The resulting table will display events that align with your search parameters. You can expand and delve into the specifics of each log detail. The search filters in Graylog are straightforward and user-friendly, allowing for easy exploration. You can always expand any event to view its available fields (event attributes) and use those values to refine your search for particular events.
Graylog offers the capability to create and tailor various dashboards that showcase information about events of interest (which may include counts of events, hosts, grouped items, visual graphs, or maps). Dashboards can be customized using widgets.
Setting Up Graylog Alerts for Event Occurrences
In certain situations, Graylog has the capability to send automatic notifications, commonly referred to as alerts. For instance, I would like to set up Graylog to notify me via email whenever someone accesses one of my servers through SSH.
To begin, navigate to Alerts -> Alerts and Events. Within the Notification tab, you can enter the email addresses that will receive these alerts.

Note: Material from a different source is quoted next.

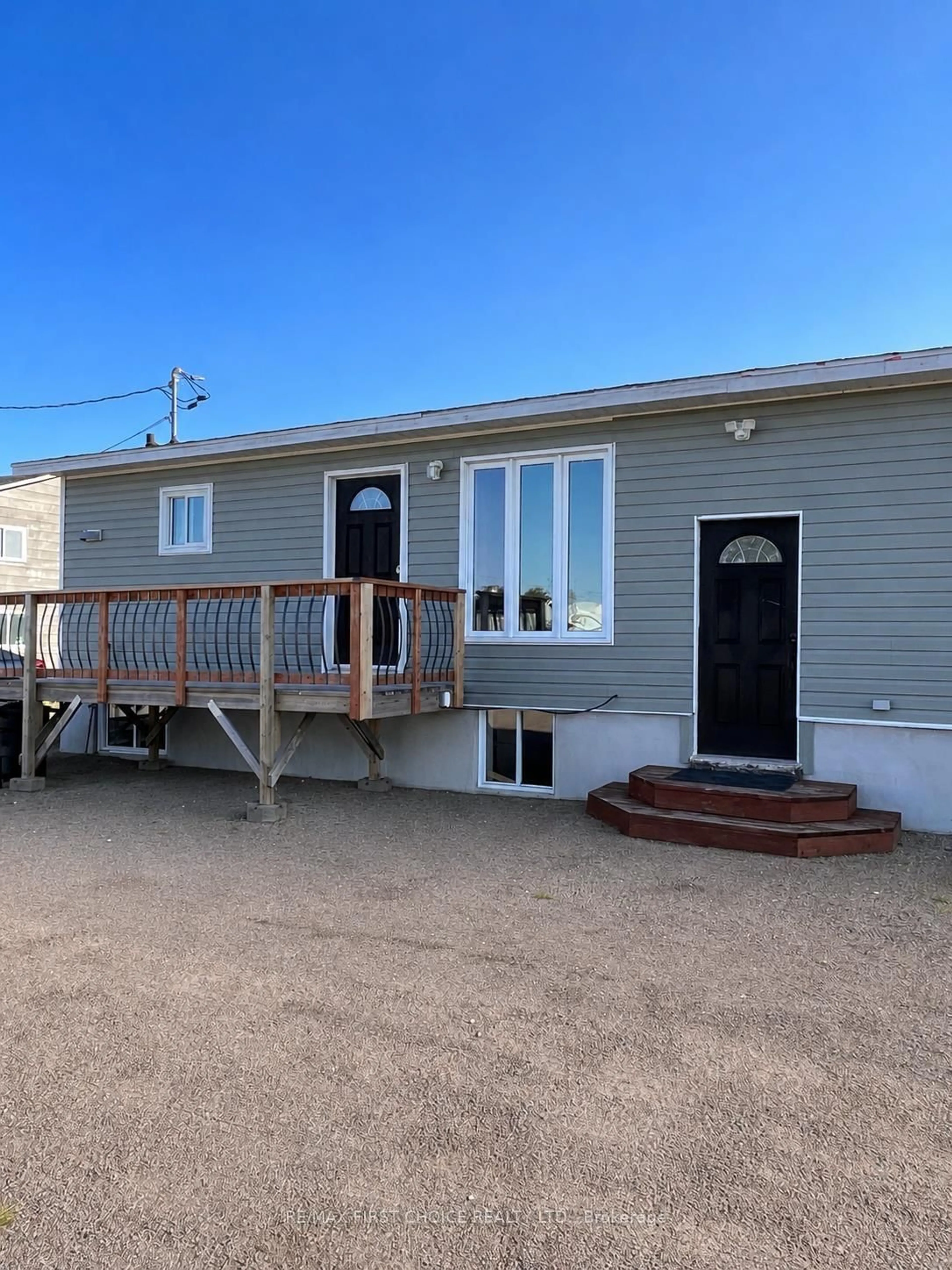 Home with vinyl exterior material, street for 118 Kenogami Rd, Greenstone Ontario P0T 2A0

Next, you will want to create a query to identify the specific events that you wish to be alerted about in the Event Definition. If you are interested in monitoring SSH logins to Linux systems, select the relevant stream and provide a suitable search query:
application_name:sshd AND message:Accepted password*
A list of events that match your search criteria will show up in the right preview pane. Make sure that all the events you intended to find are present. If any are missing, feel free to modify your search query.

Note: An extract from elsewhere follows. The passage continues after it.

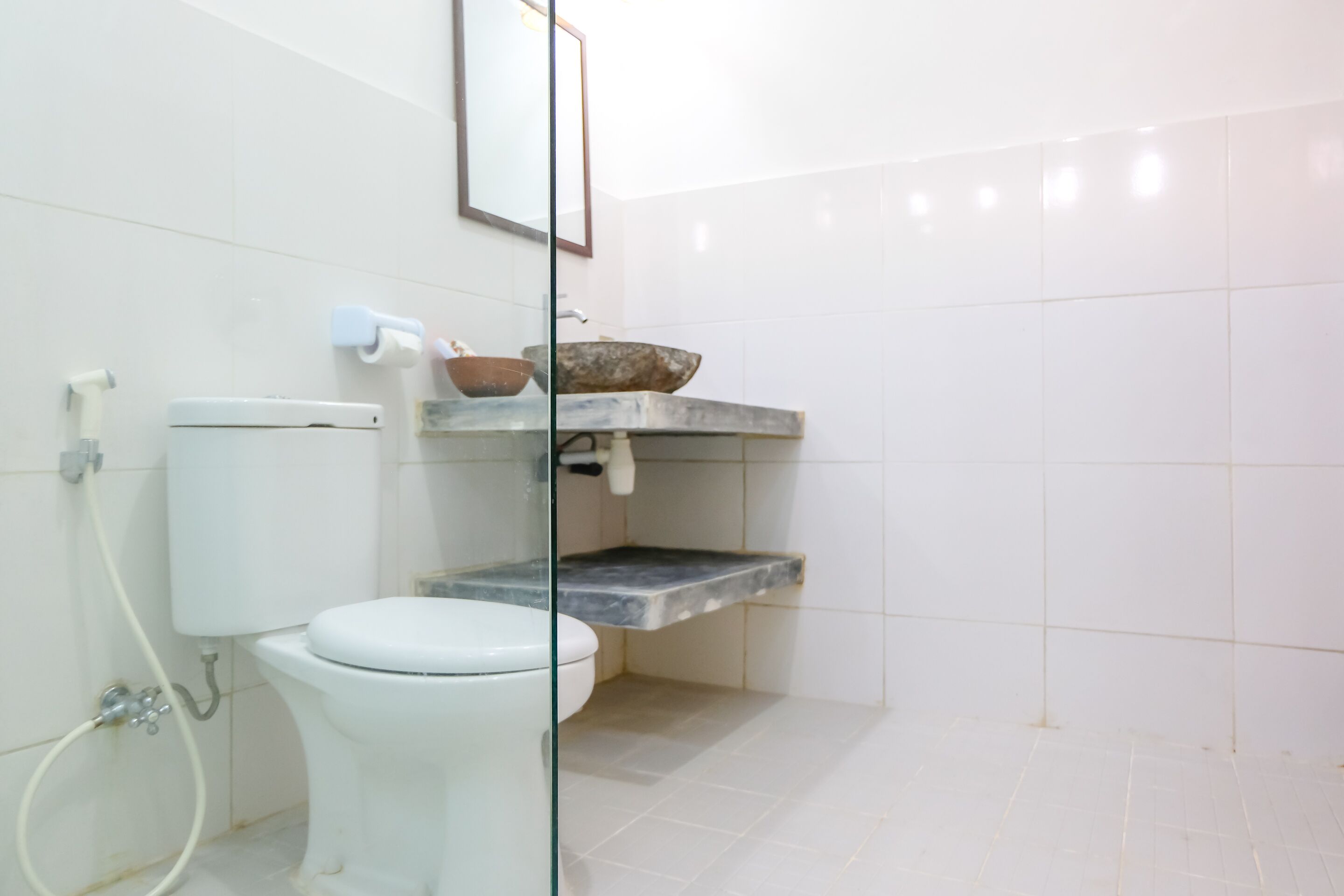 A bathroom with a toilet, a sink with a stone basin, and a mirror on the wall.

Next, you need to choose your notification type -> email. When a specific event occurs in the logs, Graylog will automatically send out an email notification.
This article has provided an overview of deploying and using Graylog for the purposes of centralized log collection and analysis. In the upcoming article, we will explore how to use Graylog for the centralized collection and search of logs from Windows servers.